Entah apa yang sudah David perbuat kemarin-kemarin, hingga akhirnya malam itu menjadi malam terakhir untuknya, malam berdarah yang menciptakan aura negatif besar. Aldi yang sudah penuh amarah, karena terbiasa juga dengan kegiatan sehari-harinya memalak orang, malam itu emosinya benar-benar tidak bisa diatur, dia menancapkan sebuah pisau kecil tajam yang selalu hinggap di celananya tepat di bagian perut David, darah segar yang tertahan pisau untuk ke luar, pada akhirnya mulai meneteskan juga dalam tanah yang menjadi saksi bisu kepedihan David.
Tubuhnya dipaksa ambruk oleh segala perih yang menjalar seluruh tubuh, bahkan boneka yang sedari tadi dia pertahankan di tangan, kini harus terjatuh bersamaan dengan darah.
"Mengapa ... An---da te---ga dengan sa---ya, Pak? Saya be---lum sempat membe---ri---kan bo---ne---ka ini untuk Camelia, put---ri sa---ya." David masih berusaha memegangi boneka itu, mulutnya sangat gemetar untuk mengeluarkan sepatah kata saja, rasanya benar-benar pedih, sangat dalam.
Aldi yang memiliki hati batu tidak akan luluh dengan tangisan atau cerita sedih sekali pun, tidak ada sesal dalam benaknya, karena telah membunuh David, bahkan lebih parahnya kini Aldi menginjak kuat tangan kanan David yang sedang berusaha meraih boneka agar bisa meninggal total.
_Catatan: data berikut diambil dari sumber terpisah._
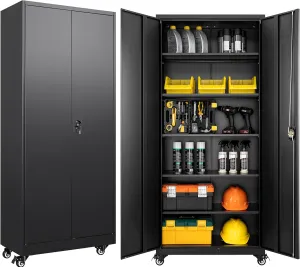 SISESOL Metal Storage Cabinet with Wheels,75 inch Rolling Garage Storage Cabinet with Lock,Black Metal Cabinets with Wheels and Shelves,Tall Tool Locker Closet on Roller for Garage,Home,Office,Shop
Teriakan yang sangat mencekik sekali lagi terdengar malam itu, teriakan paling histeris dan teriakan terakhir dari David, air matanya pun menjadi saksi betapa pedih jiwanya, satu sisi dia harus merasakan sakit yang sangat dalam dan satu lagi pesannya untuk memberikan boneka kepada sang putri belum tersampaikan. Dalam hitungan detik saja, David memejamkan mata untuk selamanya.
Aldi yang hanya menjadi penonton saja, kini mulai bertindak, dia membawa tubuh David yang semakin kaku terseret ke tanah, membiarkan baju dan celananya kotor, untung saja malam itu sangat sepi, tidak ada kendaraan atau pun orang yang berlalu-lalang. Jadi, Aldi dapat dengan mudah melakukan misinya untuk membuang jenazah David ke sungai terdekat.
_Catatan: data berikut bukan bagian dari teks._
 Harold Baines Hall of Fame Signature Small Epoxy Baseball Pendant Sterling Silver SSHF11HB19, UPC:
Tidak lupa, saat hendak melemparkan tubuh David, Aldi dengan gesit menarik pisau kecil yang masih menancap dalam perut David itu untuk dia taruh kembali. Namun, tubuh Aldi mendadak bergidik ngeri ketika luka yang pisau torehkan tidak lagi memunculkan darah, justru terlihat seperti normal dan baik-baik saja. Tidak ingin menambah pikiran negatif, Aldi buru-buru meninggalkan sungai itu ketika dirasa jenazah David semakin hanyut terbawa arus sungai yang cukup deras.
Saat tiba, di jalan di mana David dibunuh, Aldi masih menemukan boneka malang yang tak lagi mempunyai pemilik itu, sisa darah tadi pun masih membekas di jalanan, tetapi Aldi akalkan dengan mengaburkan darah menggunakan pasir yang dia toreh bersama sepatunya, tidak menggunakan tangan langsung.
Dengan senyuman licik, Aldi mengambil boneka kitty yang masih terbalut plastik bening, berniat untuk memberikannya kepada Annisa, putri satu-satunya. Namun, baru saja Aldi ingin mengangkatnya menggunakan satu tangan, tetapi aneh sekali Aldi malah merasa tertarik hingga terjatuh, karena beban bonekanya mendadak sangat berat.
"Sial, ini boneka maunya apa, sih!" Aldi kembali berusaha meraih boneka itu dan akhirnya sampai di dekapannya.
Buru-buru Aldi pergi, berusaha secerdik mungkin untuk menghilangkan jejak pembunuhan, tanpa dia sadari, boneka yang berada dalam dekapannya kini menunjukan mata merah yang menyala, hanya persekian detik saja.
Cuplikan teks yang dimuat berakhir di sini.